# Stromschleifen-Adapter



## dirigent (4. Januar 2005)

Hi, 
ich suche eine Möglichkeit einen PC über eine freie Telefonleitung in unser LAN zu integrieren, da eine LWL-Verbindung zur Zeit nicht realisierbar ist. 
Erst hatte ich an Home-Plug per Powerline gedacht, aber ich kann auf die Telefonleitung keine 230V legen und Powerline-Adapter <= 42V gibt es ja wohl nicht.
Ich hatte dann an eine Stromschleife gedacht. 
Nun bin ich auf der Suche nach Adaptern für Stromschleife zu Ethernet. 

MfG 
dirigent


----------



## melmager (4. Januar 2005)

dirigent hat gesagt.:
			
		

> Hi,
> ich suche eine Möglichkeit einen PC über eine freie Telefonleitung in unser LAN zu integrieren, da eine LWL-Verbindung zur Zeit nicht realisierbar ist.


das nennt sich modem = PC an Telefonleitung


> Erst hatte ich an Home-Plug per Powerline gedacht, aber ich kann auf die Telefonleitung keine 230V legen und Powerline-Adapter <= 42V gibt es ja wohl nicht.

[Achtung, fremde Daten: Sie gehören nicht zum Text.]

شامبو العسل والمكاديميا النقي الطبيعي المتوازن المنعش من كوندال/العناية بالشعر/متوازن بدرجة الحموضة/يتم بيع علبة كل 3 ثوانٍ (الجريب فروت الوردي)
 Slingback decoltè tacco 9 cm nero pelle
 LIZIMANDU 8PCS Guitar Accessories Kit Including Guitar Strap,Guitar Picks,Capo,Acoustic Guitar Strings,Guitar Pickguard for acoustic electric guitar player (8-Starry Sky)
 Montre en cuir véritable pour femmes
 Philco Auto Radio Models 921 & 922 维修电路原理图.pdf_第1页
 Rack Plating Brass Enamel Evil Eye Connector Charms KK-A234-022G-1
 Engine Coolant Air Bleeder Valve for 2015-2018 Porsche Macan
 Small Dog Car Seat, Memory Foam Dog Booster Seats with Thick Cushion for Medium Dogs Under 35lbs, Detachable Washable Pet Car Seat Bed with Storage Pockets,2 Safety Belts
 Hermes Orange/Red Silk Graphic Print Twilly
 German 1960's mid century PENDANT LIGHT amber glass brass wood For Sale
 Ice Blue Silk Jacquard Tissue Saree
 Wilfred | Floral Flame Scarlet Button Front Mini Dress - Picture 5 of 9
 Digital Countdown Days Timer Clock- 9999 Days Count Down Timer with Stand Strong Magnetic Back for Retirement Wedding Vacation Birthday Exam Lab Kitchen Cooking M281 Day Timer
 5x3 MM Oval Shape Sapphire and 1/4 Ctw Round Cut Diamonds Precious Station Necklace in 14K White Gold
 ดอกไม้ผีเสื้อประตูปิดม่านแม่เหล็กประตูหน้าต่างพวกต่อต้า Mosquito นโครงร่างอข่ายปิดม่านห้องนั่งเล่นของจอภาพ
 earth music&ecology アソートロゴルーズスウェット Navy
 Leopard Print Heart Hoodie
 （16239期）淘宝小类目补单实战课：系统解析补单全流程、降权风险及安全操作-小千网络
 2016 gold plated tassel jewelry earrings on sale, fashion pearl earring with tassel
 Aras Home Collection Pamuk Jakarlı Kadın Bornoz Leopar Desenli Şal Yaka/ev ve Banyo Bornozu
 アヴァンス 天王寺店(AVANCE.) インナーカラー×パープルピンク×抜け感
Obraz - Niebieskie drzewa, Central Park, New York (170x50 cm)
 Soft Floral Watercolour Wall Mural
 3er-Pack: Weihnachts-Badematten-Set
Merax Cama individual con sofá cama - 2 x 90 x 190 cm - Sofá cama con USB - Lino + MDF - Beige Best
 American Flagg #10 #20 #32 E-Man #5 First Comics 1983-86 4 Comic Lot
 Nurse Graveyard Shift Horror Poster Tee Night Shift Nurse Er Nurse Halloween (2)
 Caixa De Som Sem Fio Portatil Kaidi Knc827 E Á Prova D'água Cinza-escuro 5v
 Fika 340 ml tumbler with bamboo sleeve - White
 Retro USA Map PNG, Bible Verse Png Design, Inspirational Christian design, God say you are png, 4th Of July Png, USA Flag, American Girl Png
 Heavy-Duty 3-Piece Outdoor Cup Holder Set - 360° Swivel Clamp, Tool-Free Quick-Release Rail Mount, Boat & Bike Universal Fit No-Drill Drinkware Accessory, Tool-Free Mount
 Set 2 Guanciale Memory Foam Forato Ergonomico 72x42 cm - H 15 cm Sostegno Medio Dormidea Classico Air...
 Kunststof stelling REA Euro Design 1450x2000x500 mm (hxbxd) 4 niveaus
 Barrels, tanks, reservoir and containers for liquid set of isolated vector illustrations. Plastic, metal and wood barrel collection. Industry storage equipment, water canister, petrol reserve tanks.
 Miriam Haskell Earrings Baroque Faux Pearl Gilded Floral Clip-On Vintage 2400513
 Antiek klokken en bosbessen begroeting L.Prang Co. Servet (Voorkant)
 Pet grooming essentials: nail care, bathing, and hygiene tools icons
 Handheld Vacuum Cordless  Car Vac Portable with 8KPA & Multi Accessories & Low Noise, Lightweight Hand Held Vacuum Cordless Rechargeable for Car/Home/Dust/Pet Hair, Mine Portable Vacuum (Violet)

sorum sind die ja auch nicht dedacht - du führst eine analogleidung über ein 220V Netz
hat nix mit PC zu tun


> Ich hatte dann an eine Stromschleife gedacht.
> Nun bin ich auf der Suche nach Adaptern für Stromschleife zu Ethernet.
> 
> MfG
> dirigent


Eine Stromschleife ist eine Serielle Schnittstelle
es gibt Wandler von rs232 (der normale com Port am PC auf Stromschleife - es ändert sich nur die Übertragungsart es bleibt seriell

so jetz erzähl mal was du vor hast - so macht das kein Sinn


----------



## dirigent (4. Januar 2005)

zu 1.
Es handelt sich dabei um eine direkte Verkabelung Serverraum - PC, die Leitung ist nicht an der TK.

zu 2.
siehe 1.

zu 3.
Ich kenne die Technik der Stromschleife.

Hi melmager,
ich muß einen Einzelarbeitsplatz zeitnah ans LAN bringen.
Üblicherweise sind alle Bereiche/Häuser per LWL mit dem Serverraum verbunden.
Eine Verlegung von LWL ist derzeit wegen der örtlichen Gegebenheiten nicht möglich.
WLAN kommt aus Sicherheitsgründen nicht in betracht.
Nun besitzen wir aber noch unbelegte Telefonleitungen zum Gebäude, in welchem der PC steht.
Klar kann man eine Leitung an die TK anschliessen und den PC per Modem verbinden (was dann wohl als einzige Möglichkeit übrig bleibt) aber ich will keinen RAS-Server installieren.
So dachte ich an ein Gerät, wie ein Powerline-Adapter, welches mir die Schnittstelle zum LAN bereitstellt.
Ich hoffe mich jetzt deutlicher ausgedrückt zu haben.  
MfG
dirigent

p.s.


> es ändert sich nur die Übertragungsart es bleibt seriell


Nach ISO ist ein LAN ein auf dem Grundstück des Anwenders befindliches Datennetz, in dem die *serielle Übertragung * zur direkten Datenkommunikation zwischen Datenstationen verwendet wird.


----------



## melmager (4. Januar 2005)

dirigent hat gesagt.:
			
		

> Nach ISO ist ein LAN ein auf dem Grundstück des Anwenders befindliches Datennetz, in dem die *serielle Übertragung * zur direkten Datenkommunikation zwischen Datenstationen verwendet wird.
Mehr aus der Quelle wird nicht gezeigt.